Kingston MP Ed Davey calls for greater focus on families bereaved by Covid-19

Kingston and Surbiton MP Ed Davey has called for more focus on bereaved families as the government faces questions over its handling of the Covid-19 pandemic.

Davey’s call comes as a new report, published by the House of Commons’ Science and Technology Committee and Health and Social Care Committee, labelled the UK’s response to Covid-19 “one of the most important public health failures” the nation has ever experienced.

Davey, leader of the Liberal Democrats, said: “This report chronicles an almost unimaginable crisis of governance in slow motion.

“The sheer scale of government failure is only beginning to come to light now and the tragedy for bereaved families is still very raw.” 

The report claims both the government and its scientific advisors acted too slowly when introducing the first lockdown, a decision it claims cost lives in the process.

It also states that the UK’s test and trace system was slow and chaotic, and acted as a “drag anchor” to the nation’s response.

Davey added: “Perhaps the saddest and most abiding image of the pandemic was families watching a loved one’s funeral over a computer.

“As this report confirms, there were far more funerals than there needed to be, far too many people died.” 

A spokesperson for the Liberal Democrats told the Kingston Courier that the party was now focused on making sure a full inquiry takes place, and hopes that bereaved families can play a part in picking the chair of such an inquest.
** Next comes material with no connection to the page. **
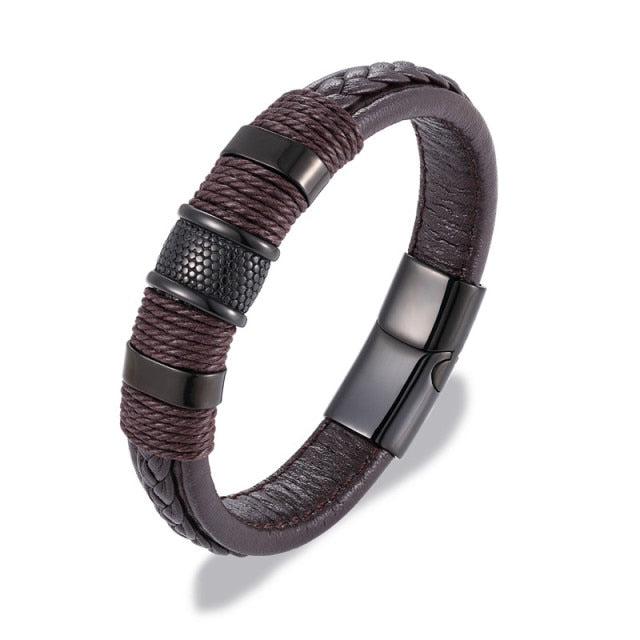Multilayer Braided Leather Bracelet With Titanium Steel Fastening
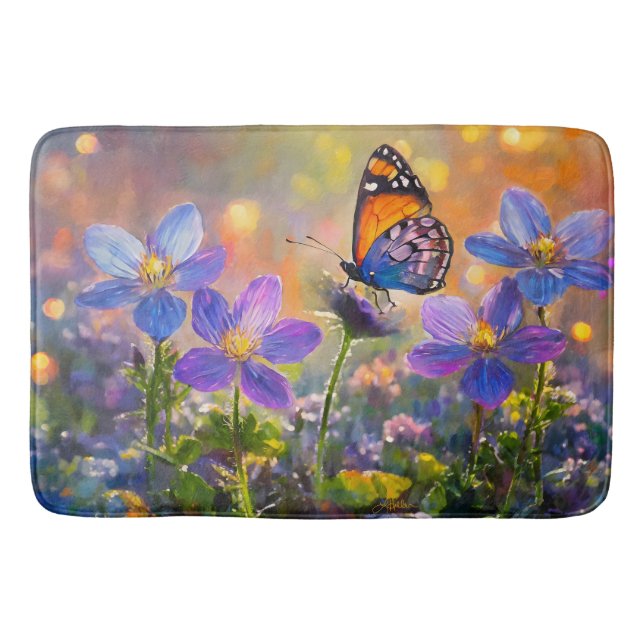 Tiny Butterfly On Wildflowers at Sunrise Bath Mat (Front)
The spokesperson said: “If you don’t get the right care in place now…families who have lost loved ones will have to fight for justice over decades.”
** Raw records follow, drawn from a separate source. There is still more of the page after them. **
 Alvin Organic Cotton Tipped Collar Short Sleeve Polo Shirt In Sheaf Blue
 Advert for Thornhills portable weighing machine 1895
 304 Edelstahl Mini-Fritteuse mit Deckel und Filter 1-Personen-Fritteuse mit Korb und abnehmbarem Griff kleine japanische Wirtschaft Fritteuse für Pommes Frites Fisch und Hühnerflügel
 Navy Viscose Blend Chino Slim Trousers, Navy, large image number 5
Meanwhile, cabinet minister Steve Barclay repeatedly refused to apologise when asked about the report. 

Barclay, the chancellor of the duchy of Lancaster and minister for the cabinet office, told LBC: “We followed the scientific advice that we had at the time. 

“What happened to individual families was obviously devastating…our hearts go out to them.”

The Conservative Party chairman, Oliver Dowden, said both he and the prime minister were sorry for the losses resulting from Covid-19.